_Your goal_.
Repeat, word for word and with nothing added, each line from the one containing "MSI SUMMIT E13FLIP FHD+ I7-1185G7/IRISXE/16G" to the final line of the data, keeping both ends. Pictures are not part of the copy.
__________________________________________________
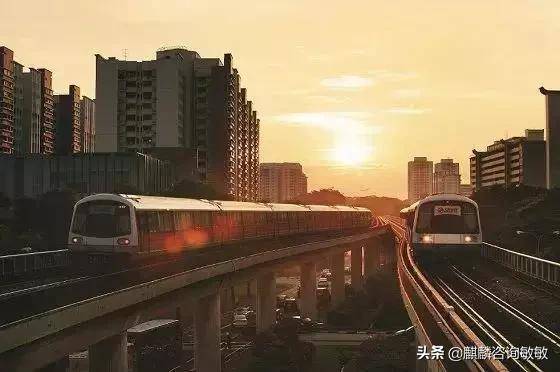 新加坡10个世界最便宜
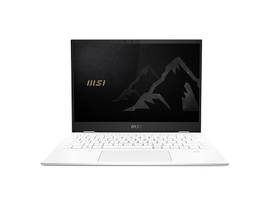 MSI SUMMIT E13FLIP FHD+ I7-1185G7/IRISXE/16G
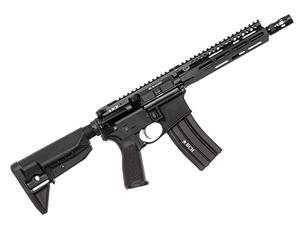 CQB9 MCMR UPC: 812526021854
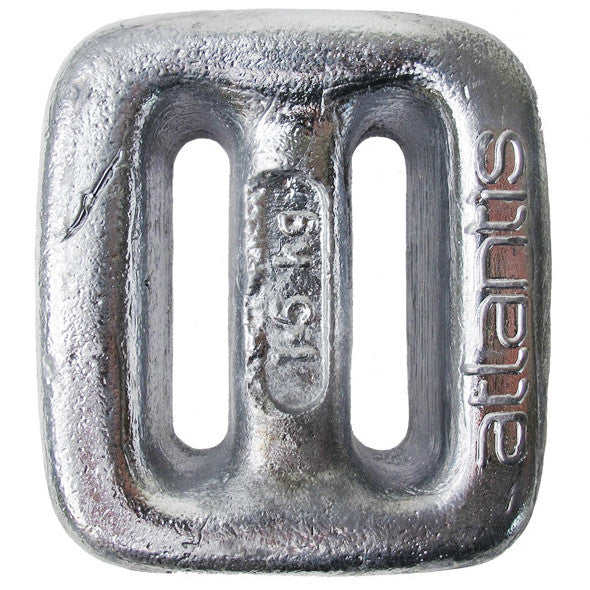 Splash - Lead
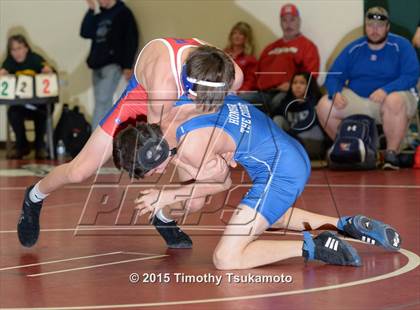 Thumbnail 3 in Placer Duals photogallery.
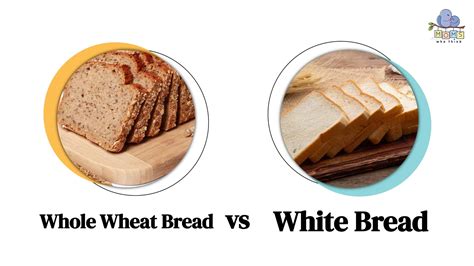 How does Thick Wholemeal fit into your Daily Goals - calories, carbs, nutrition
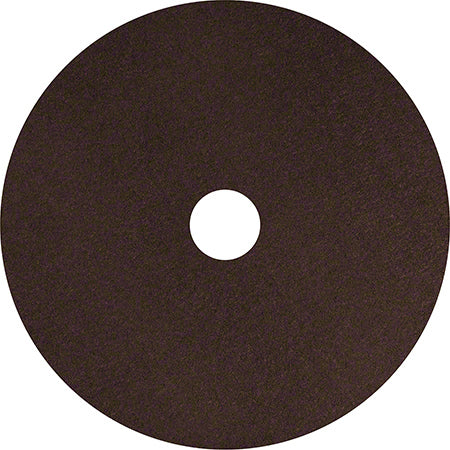 Nylon Floor Maroon Thin Line Conditioning Pads Diamond Tool Store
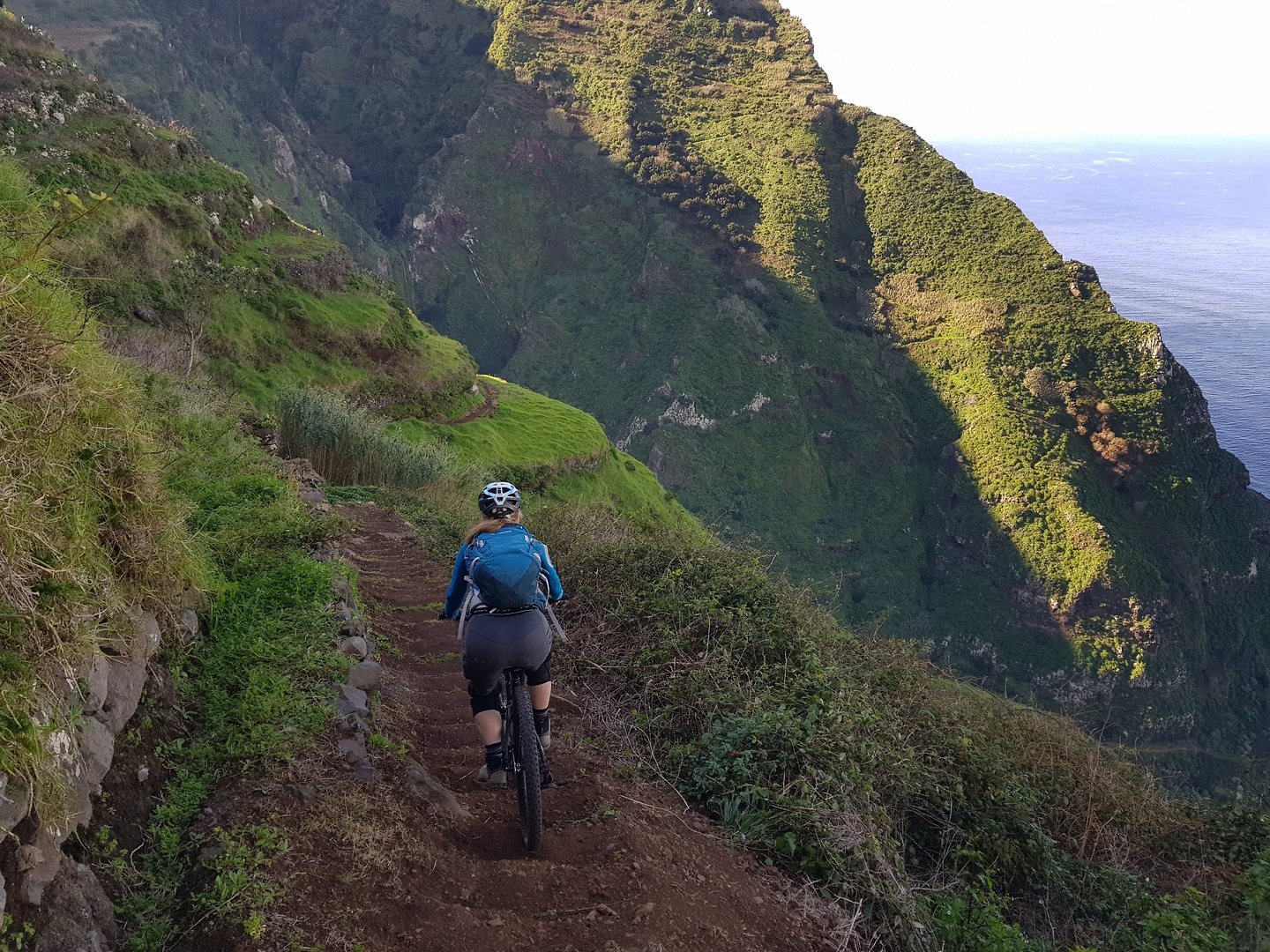 calhau-trail1.jpg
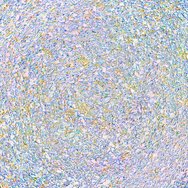 OPI Infinite Shine Nail Polish 15ml - Put the Icy in Spicy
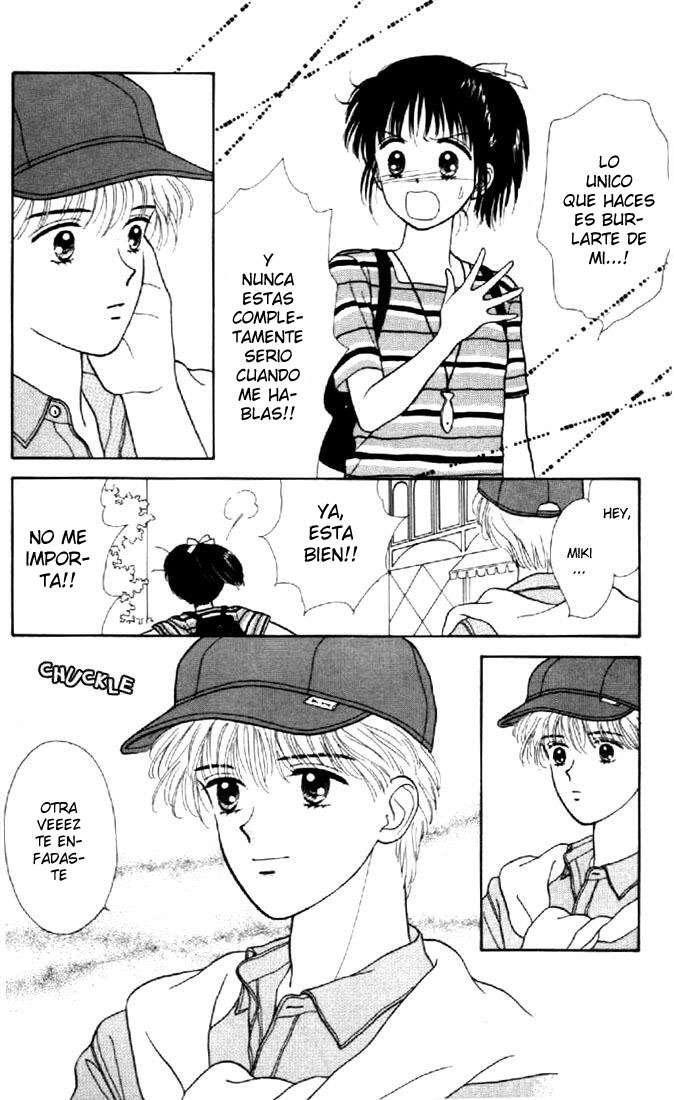 Capitulo 1 page 146
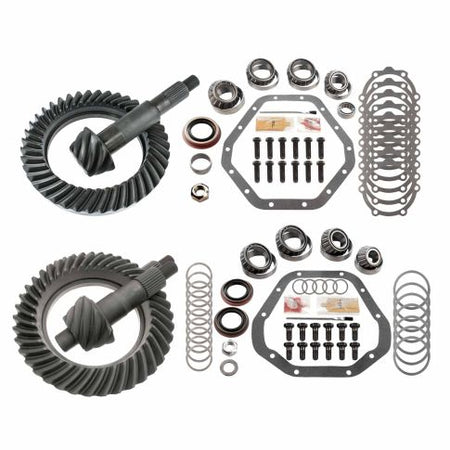 rev-gm14t-d60-456t-k-wa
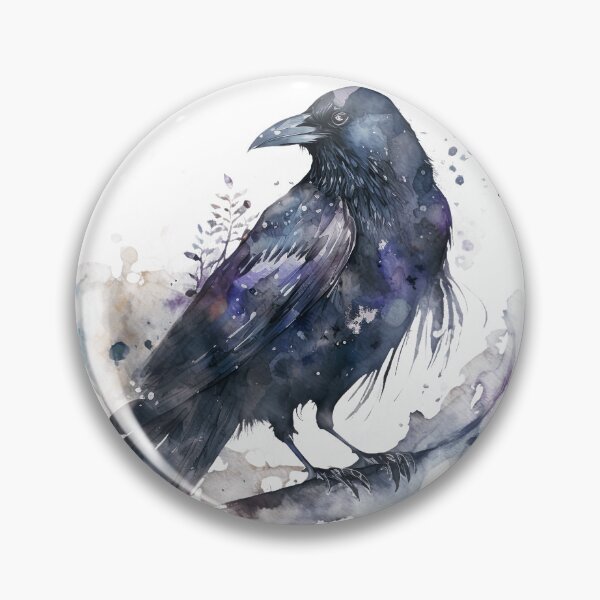 Item preview, Shadowed water designed and sold by AshRising.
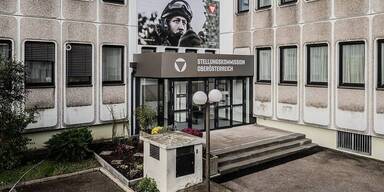 Immer mehr Jugendliche k&ouml;rperlich nicht fit.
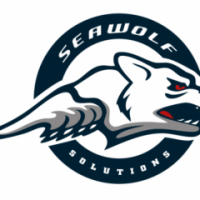 Seawolf solutions inc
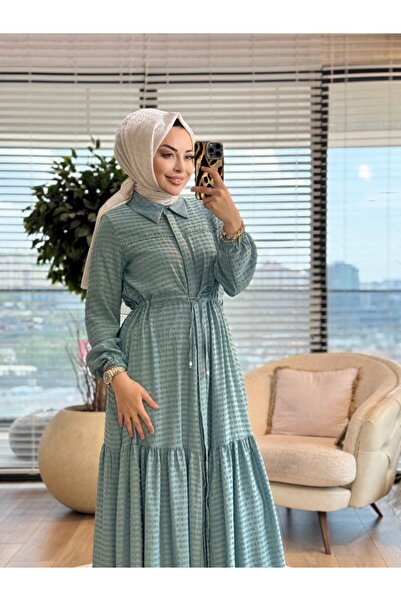 Beray 92003 فستان ديفا تشاجلا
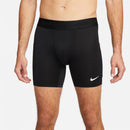 NIKE M NP DF SHORT FB7958-010 COMPRESSION SHORT (M)-2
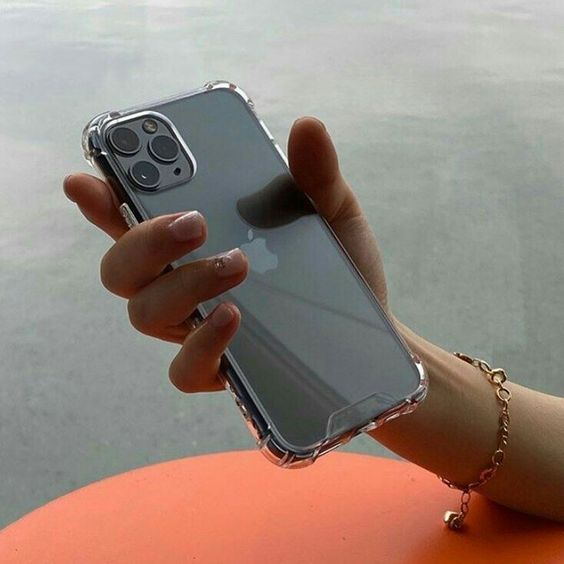 Pantau Nih Harga iPhone 11 Pro 64 GB Space Grey Akan Segera Turun Di Indonesia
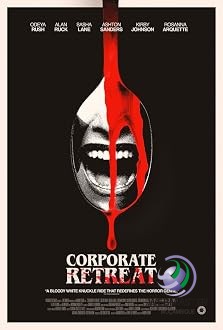 Corporate Retreat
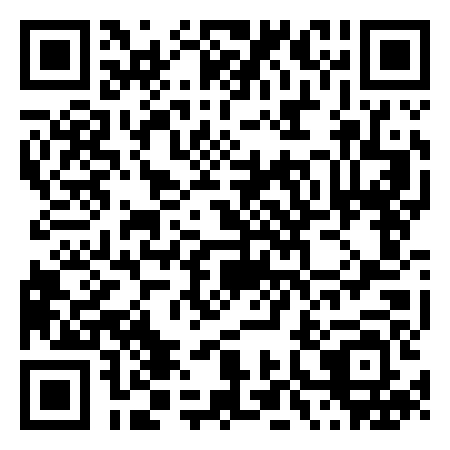 https://yuai.ru/pobeditely-teleproekta-tnt-laq_3636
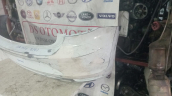 Oto Çıkma Parça / Kaporta & Karoser / Arka Tampon / Volkswagen / Polo / Çıkma Parça 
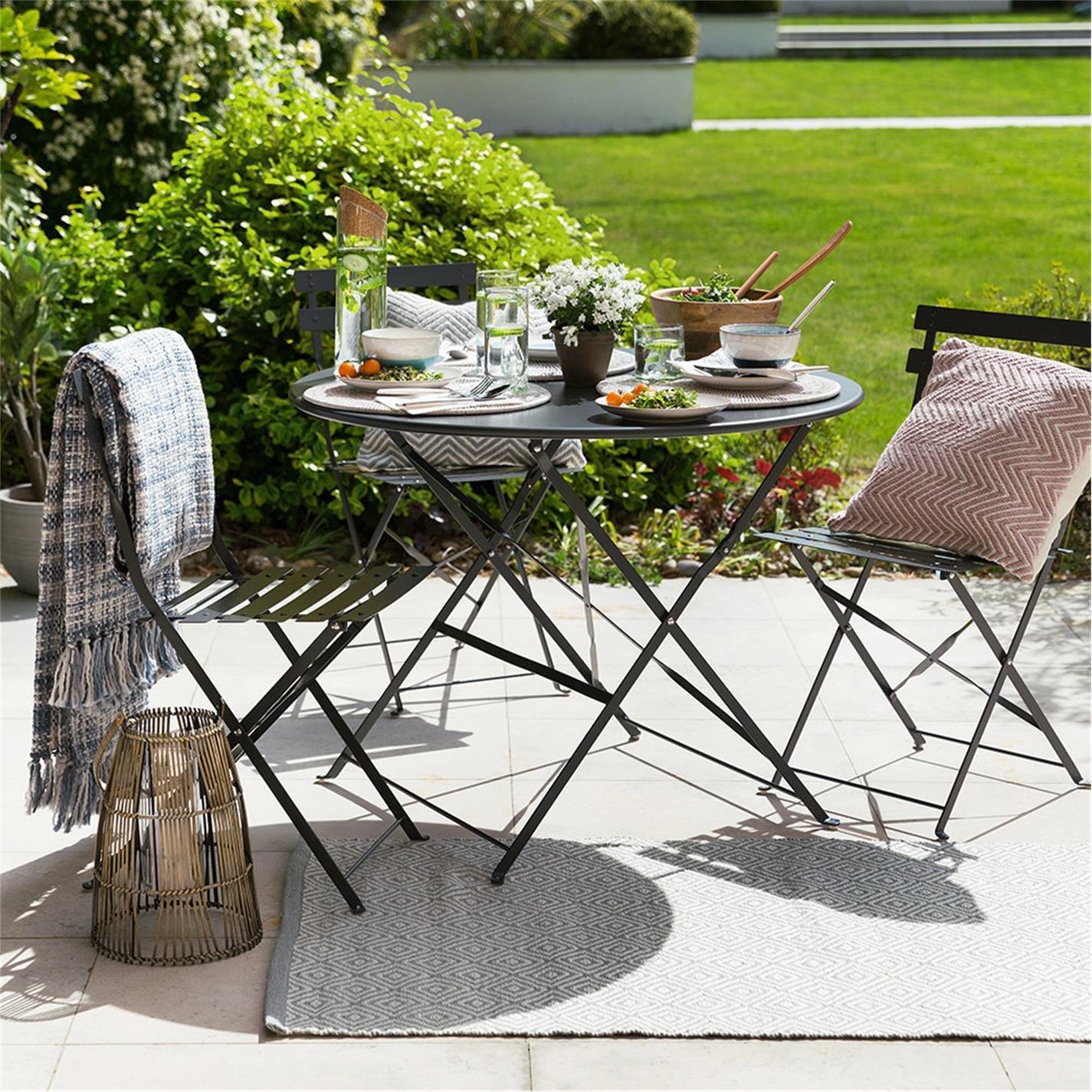 Clear - LSA - Canopy Beer Glass - Set of 4 - 9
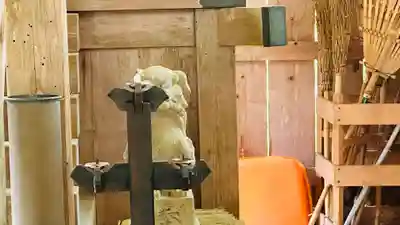 日向神社(京都府)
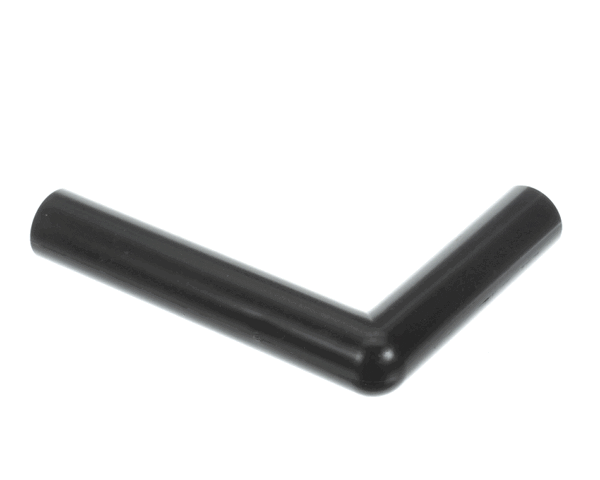 Elkay 45930C Tube-Drain (ELK45930C) Each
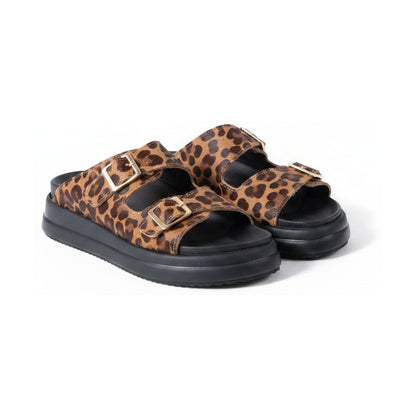 LORENZA Animal_print — LORENZA_ANIMAL_PRINT_web_diagonal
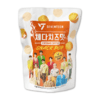 SEVENTEEN涞可 切达芝士味玉米球 商品缩略图0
__________________________________________________
_Finished task_.
 MSI SUMMIT E13FLIP FHD+ I7-1185G7/IRISXE/16G
 CQB9 MCMR UPC: 812526021854
 Splash - Lead
 Thumbnail 3 in Placer Duals photogallery.
 How does Thick Wholemeal fit into your Daily Goals - calories, carbs, nutrition
 Nylon Floor Maroon Thin Line Conditioning Pads Diamond Tool Store
 calhau-trail1.jpg
 OPI Infinite Shine Nail Polish 15ml - Put the Icy in Spicy
 Capitulo 1 page 146
 rev-gm14t-d60-456t-k-wa
 Item preview, Shadowed water designed and sold by AshRising.
 Immer mehr Jugendliche k&ouml;rperlich nicht fit.
 Seawolf solutions inc
 Beray 92003 فستان ديفا تشاجلا
 NIKE M NP DF SHORT FB7958-010 COMPRESSION SHORT (M)-2
 Pantau Nih Harga iPhone 11 Pro 64 GB Space Grey Akan Segera Turun Di Indonesia
 Corporate Retreat
 https://yuai.ru/pobeditely-teleproekta-tnt-laq_3636
 Oto Çıkma Parça / Kaporta & Karoser / Arka Tampon / Volkswagen / Polo / Çıkma Parça 
 Clear - LSA - Canopy Beer Glass - Set of 4 - 9
 日向神社(京都府)
 Elkay 45930C Tube-Drain (ELK45930C) Each
 LORENZA Animal_print — LORENZA_ANIMAL_PRINT_web_diagonal
 SEVENTEEN涞可 切达芝士味玉米球 商品缩略图0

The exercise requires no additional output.